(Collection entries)
**********
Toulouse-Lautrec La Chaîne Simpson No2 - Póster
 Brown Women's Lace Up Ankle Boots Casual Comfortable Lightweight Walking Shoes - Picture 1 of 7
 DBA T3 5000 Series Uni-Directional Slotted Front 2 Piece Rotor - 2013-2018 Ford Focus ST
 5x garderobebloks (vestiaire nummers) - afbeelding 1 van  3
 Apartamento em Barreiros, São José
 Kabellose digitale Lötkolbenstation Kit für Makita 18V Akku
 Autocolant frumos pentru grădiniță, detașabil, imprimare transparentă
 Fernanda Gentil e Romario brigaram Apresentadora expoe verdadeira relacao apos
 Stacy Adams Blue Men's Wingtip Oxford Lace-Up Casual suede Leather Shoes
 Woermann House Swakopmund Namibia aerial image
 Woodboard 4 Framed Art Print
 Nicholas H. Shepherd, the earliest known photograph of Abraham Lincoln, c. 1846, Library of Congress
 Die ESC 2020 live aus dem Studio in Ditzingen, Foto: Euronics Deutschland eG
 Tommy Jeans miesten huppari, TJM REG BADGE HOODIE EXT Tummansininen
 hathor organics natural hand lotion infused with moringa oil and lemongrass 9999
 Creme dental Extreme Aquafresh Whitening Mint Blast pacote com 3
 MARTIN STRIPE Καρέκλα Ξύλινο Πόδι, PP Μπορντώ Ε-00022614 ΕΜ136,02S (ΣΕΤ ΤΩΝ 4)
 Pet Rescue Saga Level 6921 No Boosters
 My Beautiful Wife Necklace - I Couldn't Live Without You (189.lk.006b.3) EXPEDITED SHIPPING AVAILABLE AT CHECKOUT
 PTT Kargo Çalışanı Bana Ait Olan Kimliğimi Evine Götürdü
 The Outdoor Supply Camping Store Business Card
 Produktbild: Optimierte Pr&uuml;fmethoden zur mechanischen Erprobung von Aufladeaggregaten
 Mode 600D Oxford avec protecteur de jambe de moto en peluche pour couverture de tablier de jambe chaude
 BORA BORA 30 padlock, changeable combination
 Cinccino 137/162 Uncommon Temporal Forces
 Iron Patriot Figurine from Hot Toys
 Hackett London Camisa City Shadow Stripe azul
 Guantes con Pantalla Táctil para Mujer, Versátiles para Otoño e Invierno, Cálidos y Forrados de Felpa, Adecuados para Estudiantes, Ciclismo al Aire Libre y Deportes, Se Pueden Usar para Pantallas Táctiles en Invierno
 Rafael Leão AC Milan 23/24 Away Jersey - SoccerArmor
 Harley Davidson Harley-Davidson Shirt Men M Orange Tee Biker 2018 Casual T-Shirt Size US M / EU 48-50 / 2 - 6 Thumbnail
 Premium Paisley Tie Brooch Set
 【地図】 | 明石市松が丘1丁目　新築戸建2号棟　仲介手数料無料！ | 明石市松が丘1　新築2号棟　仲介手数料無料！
**********
- _Problem statement_
Output the line bearing "Harley Davidson Harley-Davidson" along with all the lines after it through the end of the entries, exactly, and no other lines.

- _Answer below_
 Harley Davidson Harley-Davidson Shirt Men M Orange Tee Biker 2018 Casual T-Shirt Size US M / EU 48-50 / 2 - 6 Thumbnail
 Premium Paisley Tie Brooch Set
 【地図】 | 明石市松が丘1丁目　新築戸建2号棟　仲介手数料無料！ | 明石市松が丘1　新築2号棟　仲介手数料無料！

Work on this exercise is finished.